Au Togo, l’Alliance nationale pour le changement (ANC) hausse le ton contre le gouvernement après l’alerte du Programme alimentaire mondial (PAM) sur les risques d’insécurité alimentaire dans le pays. Dans un communiqué publié le 9 juin, le parti de Jean-Pierre Fabre estime que la situation dans la région des Savanes révèle les limites des politiques publiques menées ces dernières années. L’opposition accuse les autorités de ne pas avoir apporté de réponses durables à la pauvreté malgré les moyens annoncés.
Pour l’ANC, les chiffres avancés par le PAM sont alarmants. L’organisation onusienne estime que plus de 330 000 personnes pourraient se retrouver en situation d’insécurité alimentaire aiguë dans les prochains mois sans intervention urgente.
Face à cette perspective, le parti d’opposition affirme son incompréhension. Selon lui, une telle menace ne devrait pas peser sur les populations après plusieurs années d’annonces gouvernementales en faveur du développement des régions les plus fragiles.
Le communiqué pointe particulièrement la situation des Savanes, régulièrement présentée comme une priorité nationale dans le contexte de la lutte contre l’extrémisme violent.
L’opposition reproche au gouvernement de privilégier des actions qu’elle juge éloignées des préoccupations quotidiennes des citoyens. Dans son communiqué, l’ANC affirme que « le gouvernement RPT/UNIR continue de consacrer des ressources considérables à l’organisation de sommets et d’événements de prestige ».
Le parti estime que cette orientation contraste avec la réalité sociale observée dans plusieurs localités du pays. Pour l’ANC, « les retombées sur l’amélioration du vécu quotidien des Togolais demeurent inexistantes ou marginales ».
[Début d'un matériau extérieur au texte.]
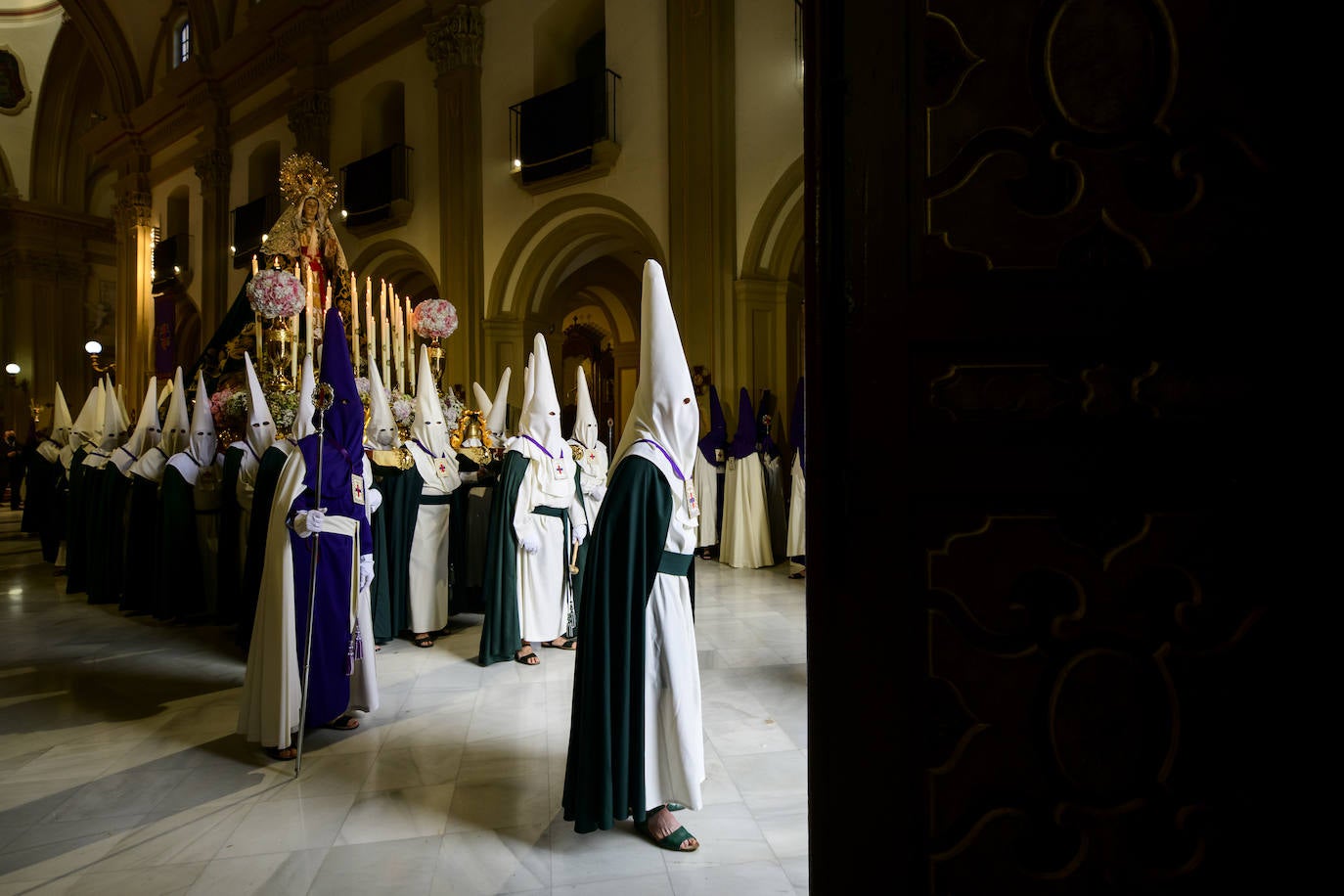 Fotos: La procesión del Rescate de Martes Santo, en imágenes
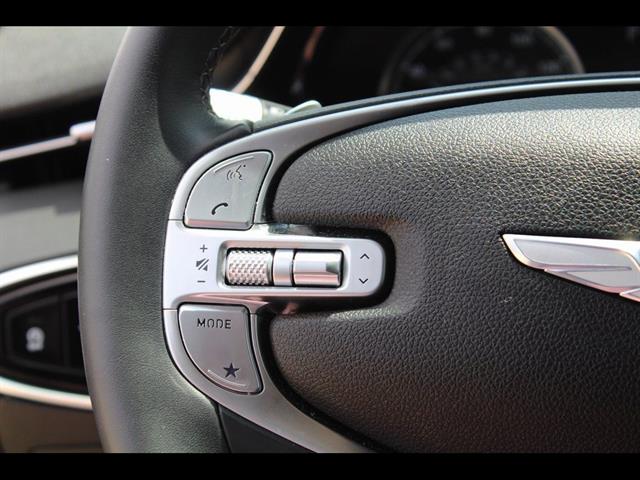 2025 GENESIS GV70 Standard - Photo 18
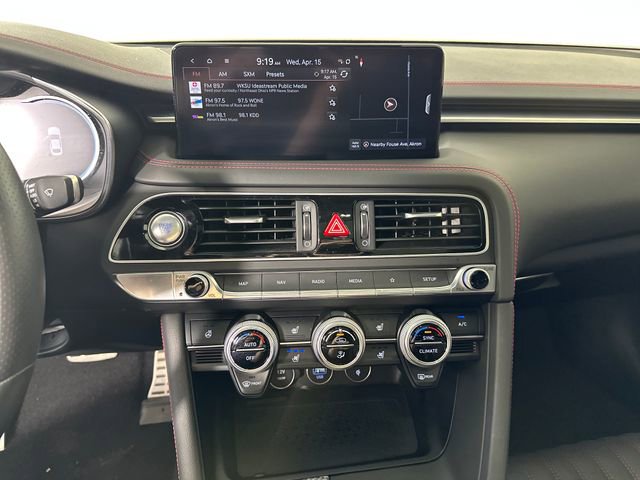 Used 2023 Genesis G70 2.0T w/ Sport Prestige Package image 21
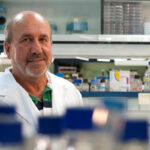 El científico español que busca una vacuna con el virus de la viruela: “No tiene efectos adversos y vale para todas las edades”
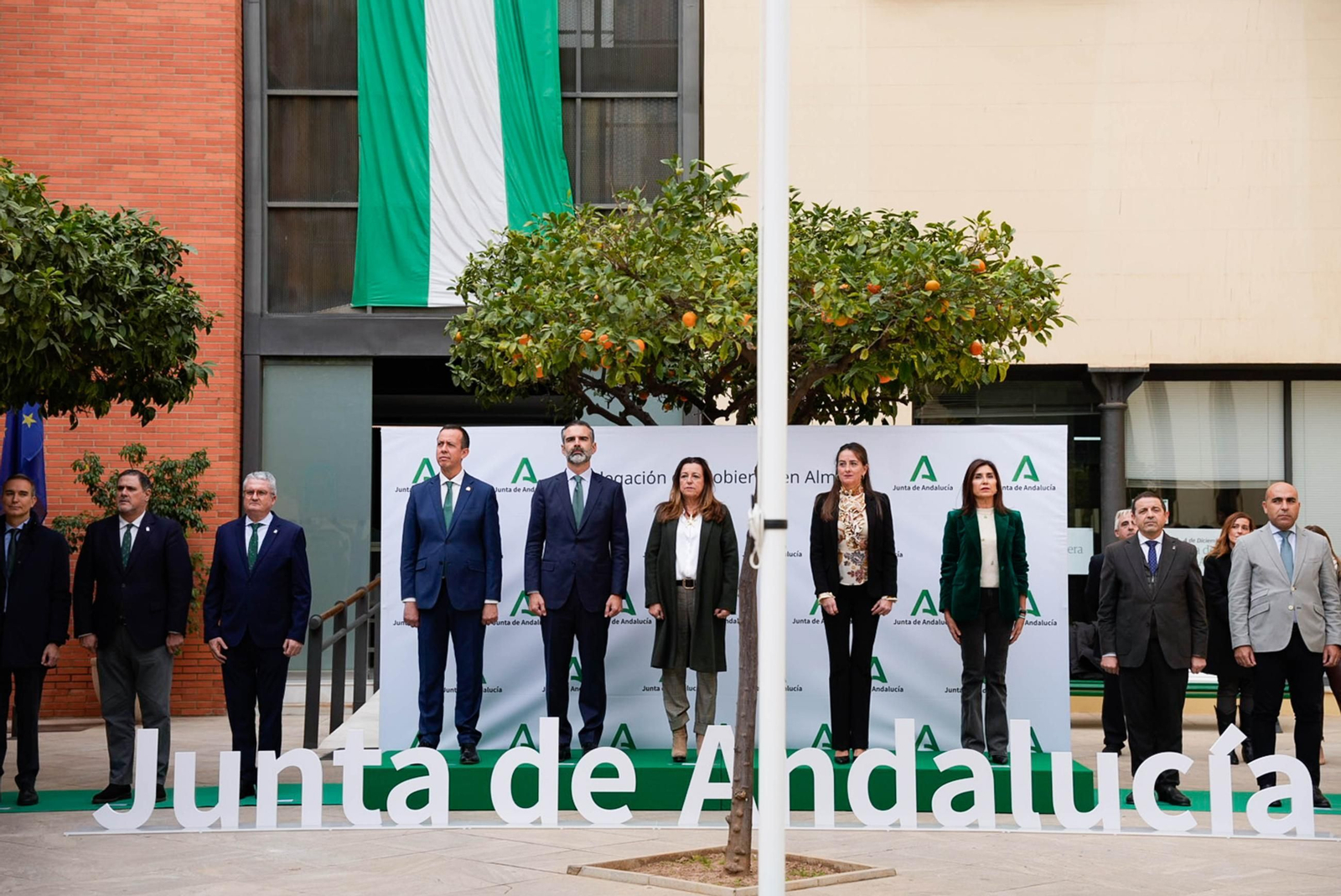 Así han sido las imágenes del día de la bandera en Almería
L’alerte du PAM constitue ainsi, selon le parti, la preuve que les populations les plus vulnérables continuent de subir les conséquences d’un modèle de gouvernance qui ne répond pas suffisamment aux besoins essentiels. L’opposition dénonce en substance une situation où « les populations » des Savanes restent confrontées à la faim alors que l’État investit dans l’organisation de rencontres internationales.
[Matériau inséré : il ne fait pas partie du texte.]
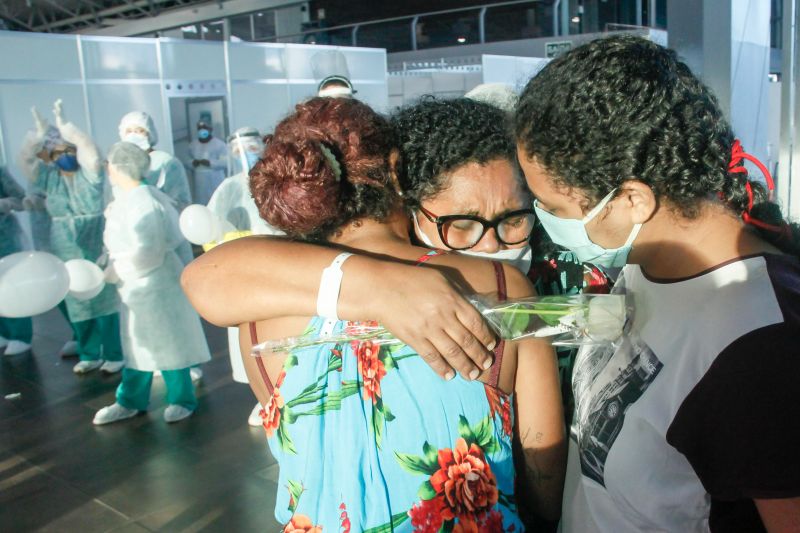 Pacientes curados de Coronavirus recebem alta no Hospital de Campanha do Hangar em Belém.
Na foto:
 <div class='credito_fotos'>Foto: Marcelo Seabra / Ag. Pará   |   <a href='/midias/2020/originais/6276_2e476638-f9ab-d864-1af1-d8cc21cec608.jpg' download><i class='fa-solid fa-download'></i> Download</a></div>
Au-delà de la question alimentaire, l’ANC élargit ses critiques à l’ensemble de la gouvernance économique du pays. Le parti évoque les difficultés du Togo dans la mise en œuvre de certaines réformes communautaires ainsi que les indicateurs de pauvreté jugés préoccupants.
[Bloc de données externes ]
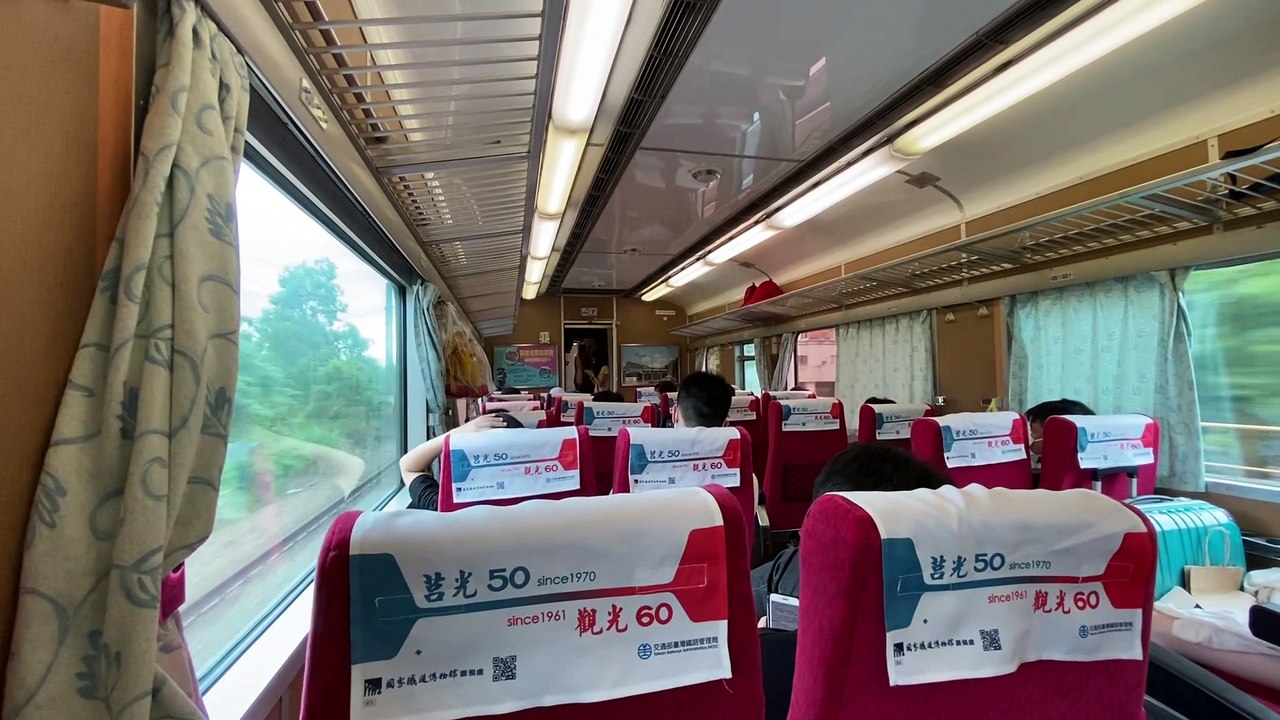 June 26, 22, the 521 folding gate Juguang train recorded Taoyuan to Zhongli  #忠駝論壇 #fyp #fypシ #foryou #foryoupage #viral #train #railway #railwaystation @edsheeran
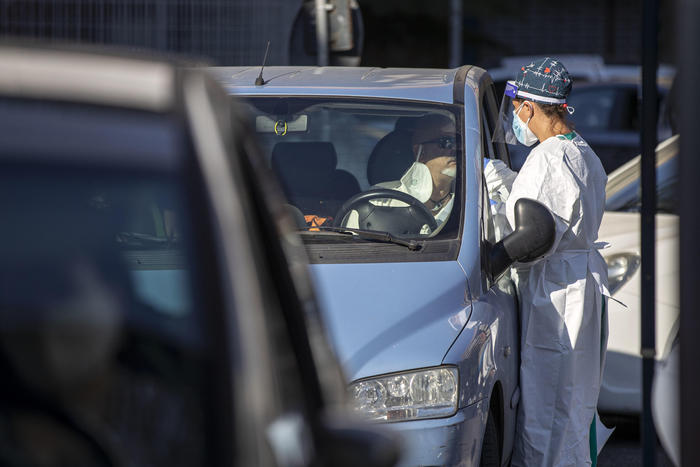 Coronavirus: nuovi contagi in calo (1.350), 17 vittime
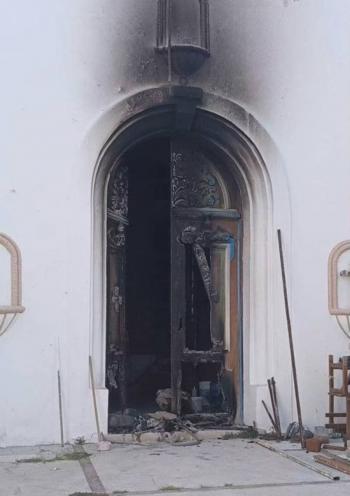 Incendian templo hist&oacute;rico en Le&oacute;n y destruyen im&aacute;genes religiosas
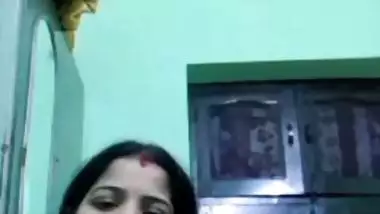 Milky boobs unsatisfied bhabhi viral nude show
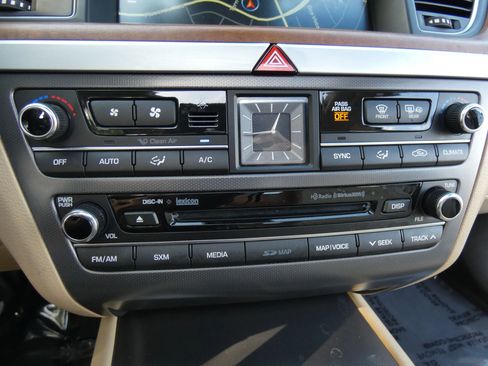 Used 2015 Hyundai Genesis 3.8 w/ Option Group 04 image 67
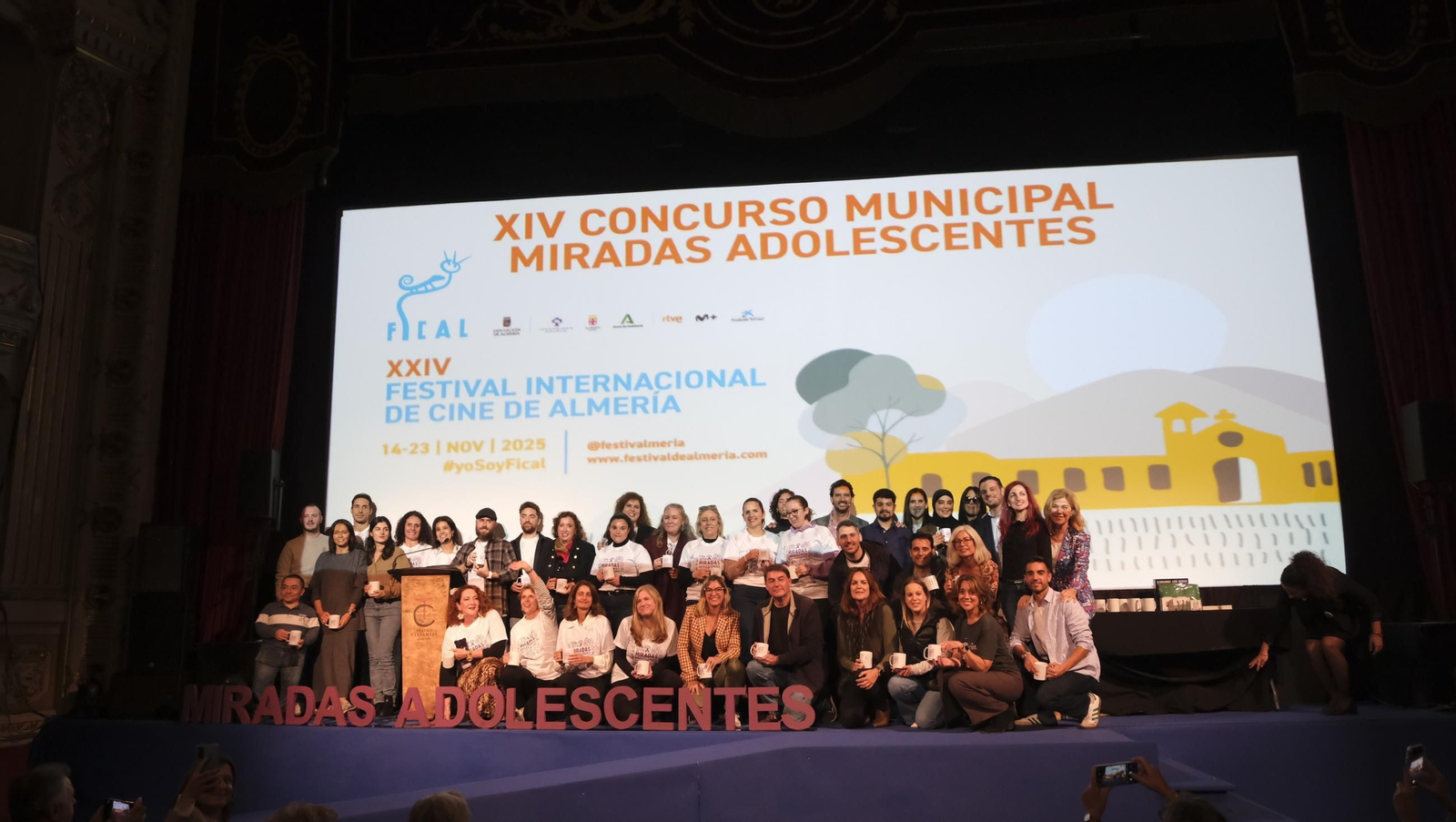 Imágenes de la gala 'Miradas Adolescentes' de FICAL 2025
Le communiqué rappelle notamment que le taux de pauvreté multidimensionnelle dans les Savanes atteindrait 92,3 %, selon des données citées des Nations unies. L’ANC y voit la confirmation d’un décalage entre les discours officiels et les réalités vécues sur le terrain.
Pour faire face à l’urgence, le parti réclame la publication d’une cartographie des zones menacées, la mise en place d’un plan national d’assistance alimentaire et une réaffectation des ressources publiques vers les secteurs sociaux prioritaires.
L’ANC conclut en estimant que l’alerte lancée par le PAM doit servir d’électrochoc pour les autorités et ouvrir un débat national sur l’efficacité des politiques de lutte contre la pauvreté et l’exclusion.